We illustrate maximum likelihood estimation of an LMM using the 400 copper concentration measurements from the Scottish Borders. We initially assume that the fixed effects are constant and that a log-transform is sufficient to normalize the data. Thus, we assume that the Box-Cox parameter λ is zero. In fact, when the Box-Cox parameter was unconstrained, the increase to the log-likelihood was negligible and did not improve the AIC. We estimated the c 0, c 1 and a parameters for fixed v equal to 0.05, 0.075, 0.1, 0.2, 0.3, 0.4, 0.5, 0.75, 1.0, 1.25, 1.5, 1.75, 2.0 and 2.5. The profile-likelihood plot of the minimized negative log-likelihoods that resulted is shown in Fig. 11.5a. The smallest negative log-likelihood occurred for v = 0.1. When ν was unfixed, a smaller negative log-likelihood resulted with v = 0.12. The best fitting variogram is plotted in Fig. 11.5b. It sharply increases as the lag is increased from zero, reflecting the small value of the smoothness parameter. This maximum likelihood estimate of the variogram is reasonably consistent with the empirical variogram (see Fig. 11.5b).

Fig. 11.5
figure 5

(a) Plot of minimized negative log-likelihood of 400 ln copper concentrations for different fixed values of v. The black cross denotes the minimized negative log-likelihood when v is unfixed, (b) maximum likelihood estimate of the variogram (continuous line) of ln copper concentrations and the corresponding method of moments point estimates (black crosses)
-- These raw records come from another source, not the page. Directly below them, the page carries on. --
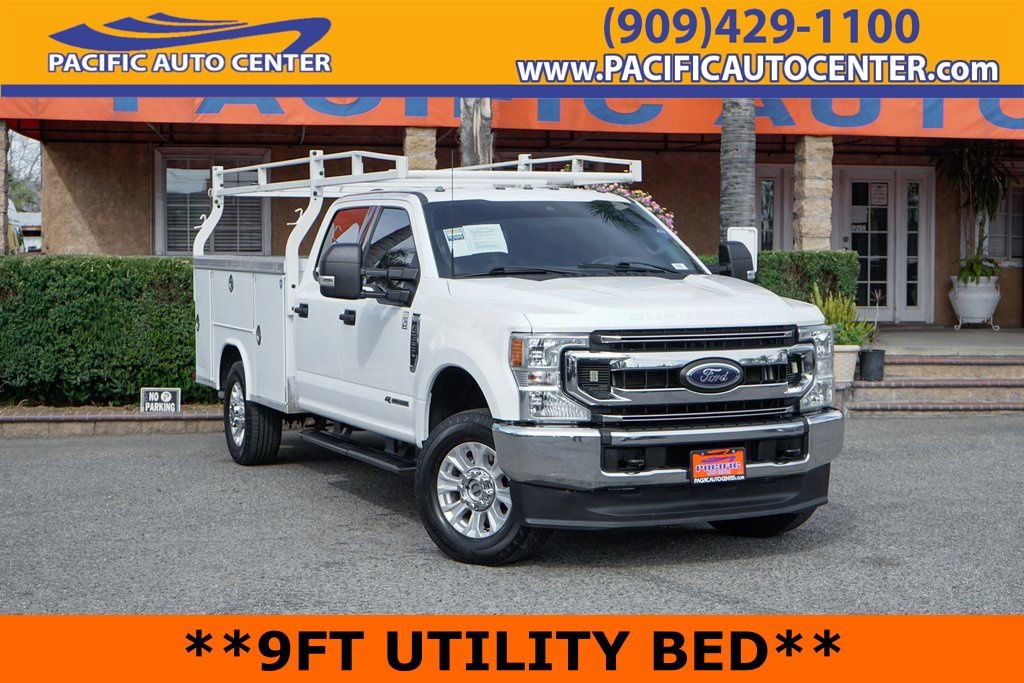 Used 2022 Ford F350 XLT image 1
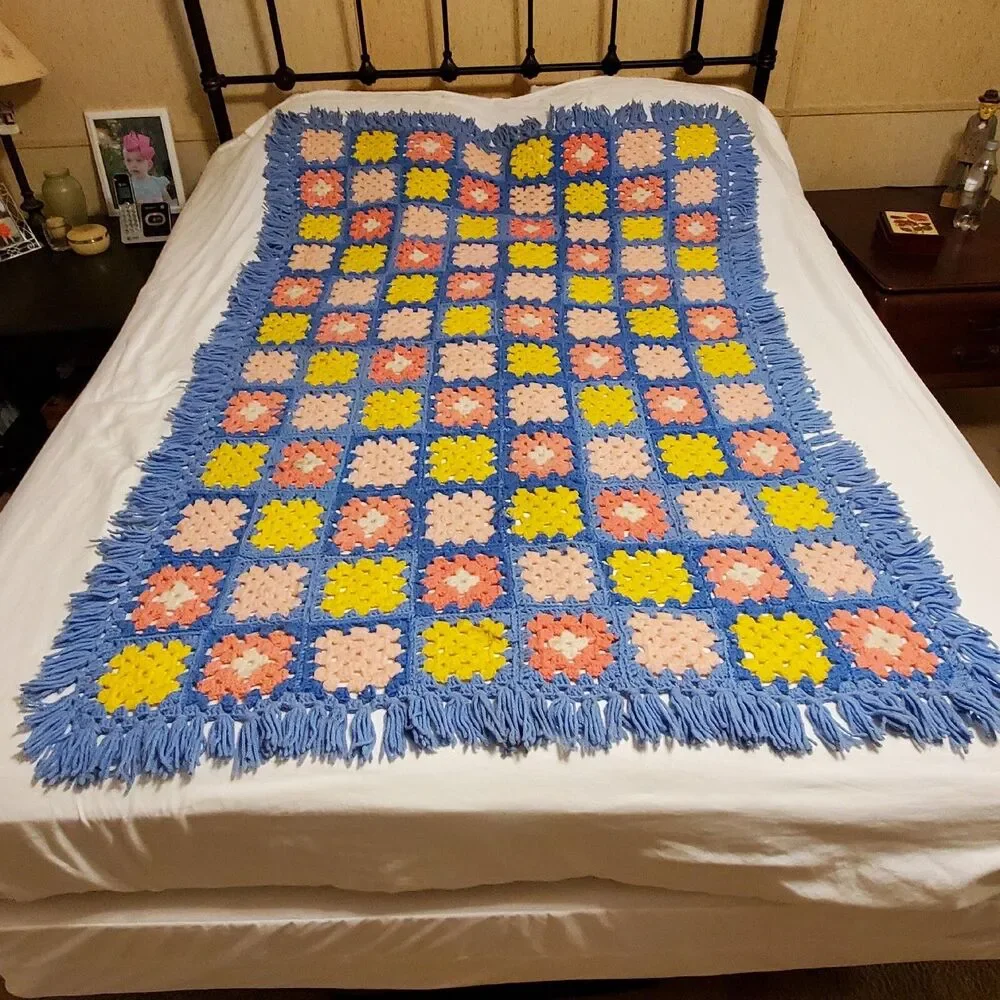 Vintage Granny Square Crochet Afghan Blanket Throw 65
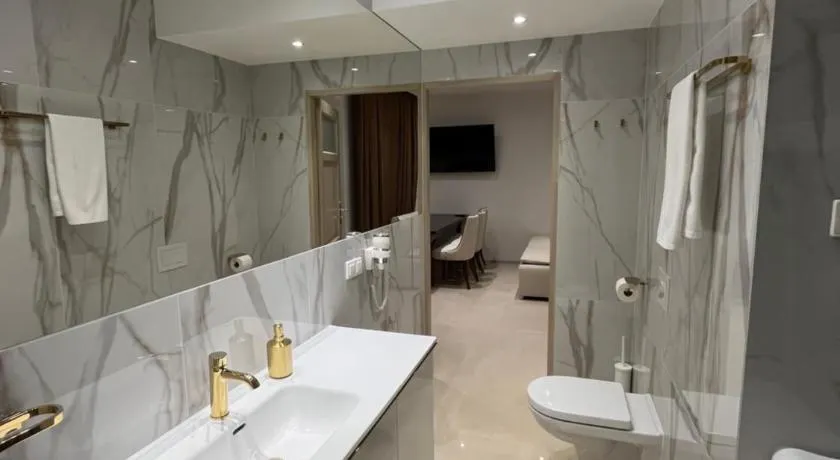 Villa la Val, Apartamenty Wałbrzych - Image 1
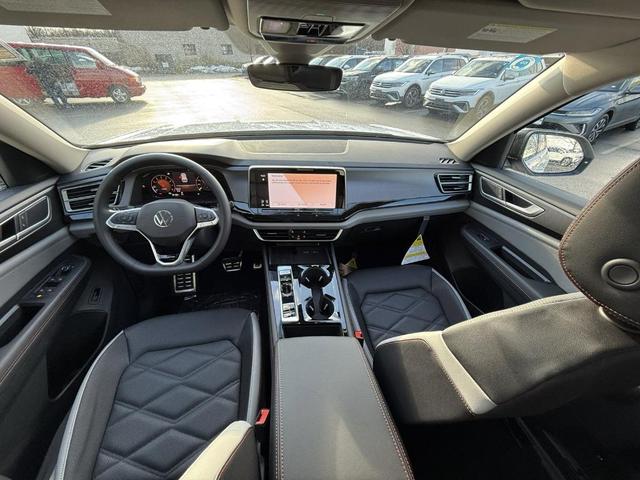 Photo of 2025 Pure White Volkswagen Atlas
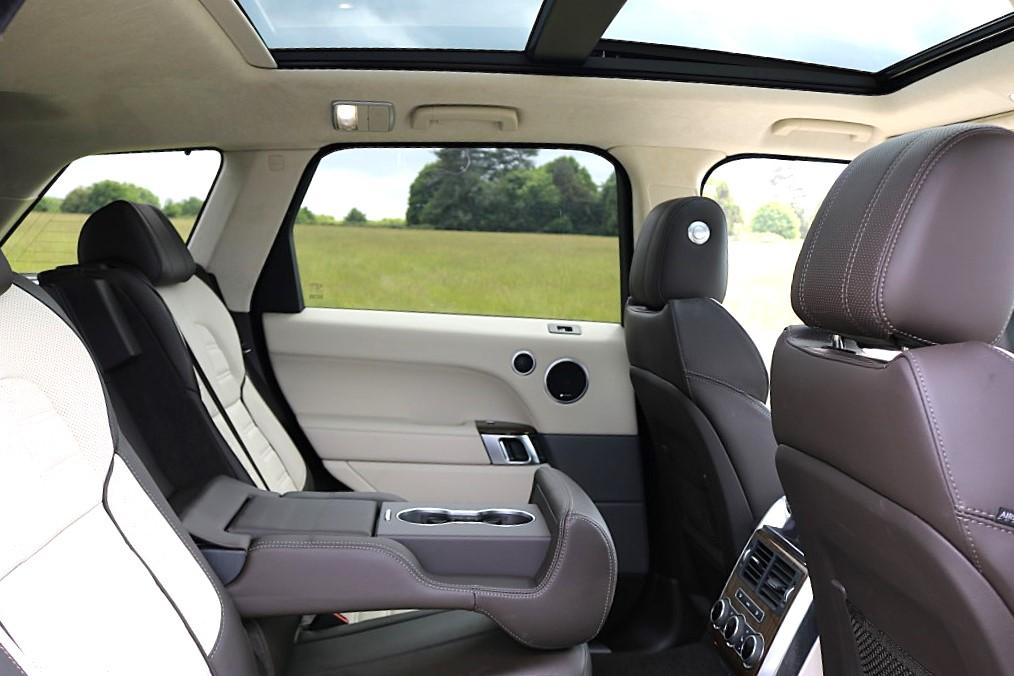 Land Rover Range Rover Sport 3.0 SD V6 Autobiography Dynamic SUV 5dr Diesel Auto 4WD Euro 6 (s/s) (306 ps)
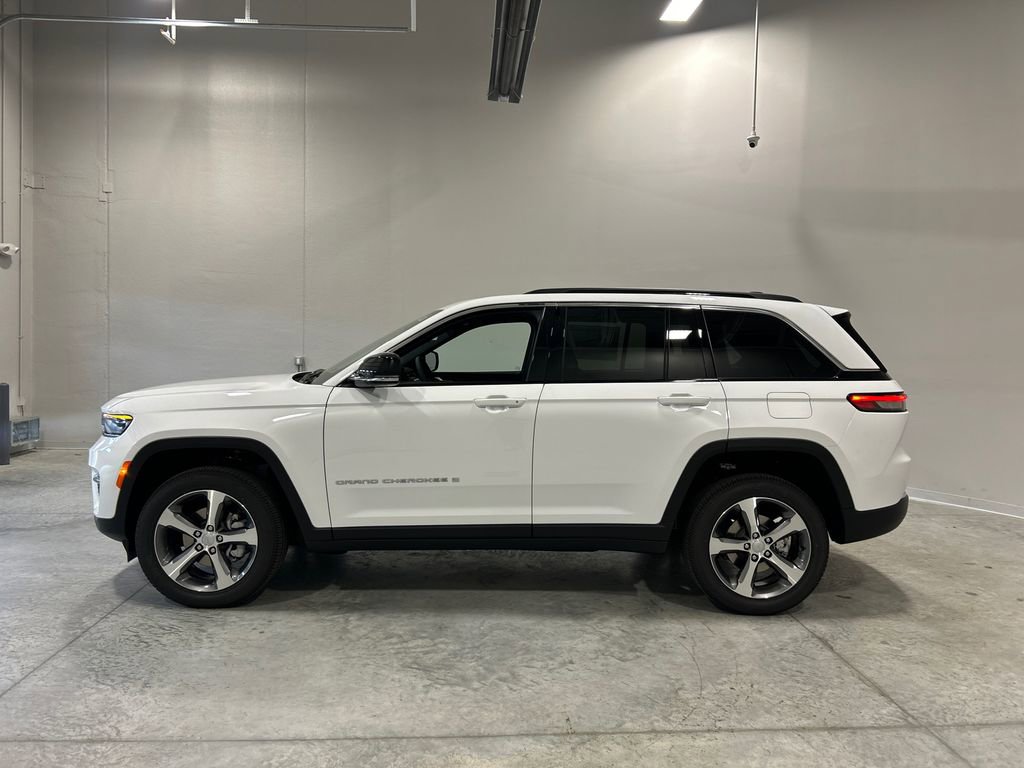 New 2025 Jeep Grand Cherokee Limited image 9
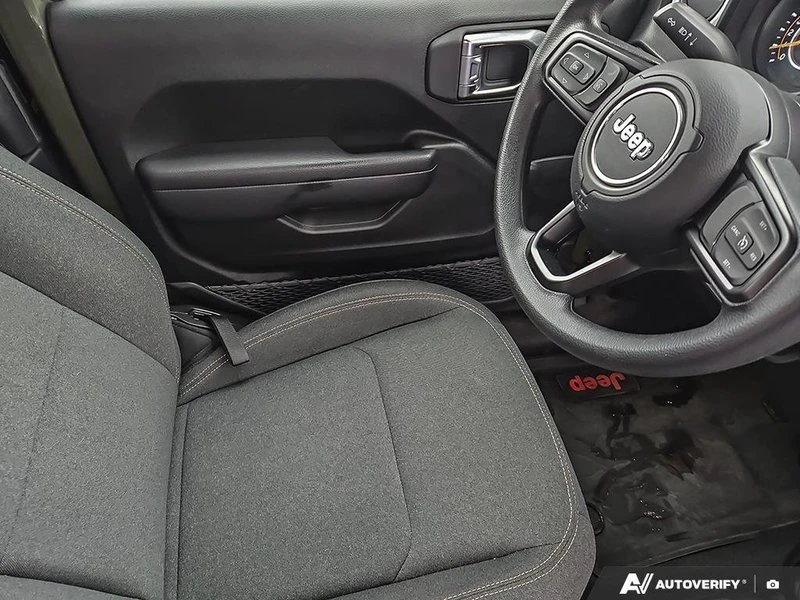 2024 Jeep JL Wrangler - Image 14 of 20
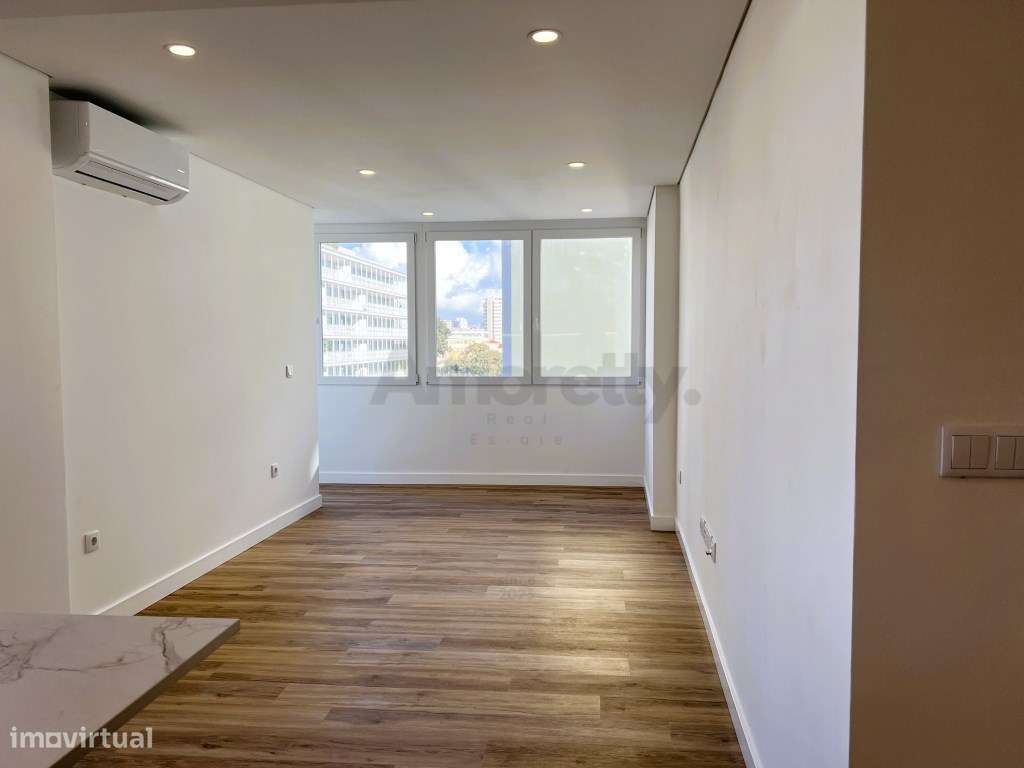 T2 Novo em Pleno Coração das Avenidas Novas - Grande imagem: 2/21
Figure 11.6 shows the maximum likelihood estimates of the variograms and cross-variograms when the s vector contained the 400 observations of copper and the 500 observations of cobalt. The natural log-transform was applied to each soil property, and the fixed effects consisted of a different constant for each property. Again, there is reasonable agreement between the maximum likelihood estimate and the empirical variograms. However, some small discrepancies are evident. The maximum likelihood estimate for cobalt has a longer range than might be fitted to the empirical variogram, and the maximum likelihood estimate of the cross-variogram appears to be consistently less than the corresponding empirical variogram. This was probably caused by the constraints placed on the parameters, such as the requirement that all the variograms had the same range.

Fig. 11.6
figure 6

Maximum likelihood estimate of (a) the LMCR ln copper auto-variogram, (b) the LMCR ln copper and ln cobalt cross-variogram and (c) the LMCR ln cobalt auto-variogram. The black crosses are the corresponding method of moments point estimates

In Table 11.1, we show the negative log-likelihood and AIC values that result when different LMMs are estimated for the Scottish Borders data. The simplest models only consider copper observations and assume constant fixed effects and a pure nugget variogram. Then, the pure nugget variogram is replaced by a nugget and Matérn model. The third model also replaces the constant fixed effects by ones that vary according to the soil types displayed in Fig. 11.3. The final model considers observations of both copper and cobalt and assumes that each of these properties has constant fixed effects. The models are estimated for both the 50 and 400 observation samples of copper. Both coregionalized models include 500 cobalt observations.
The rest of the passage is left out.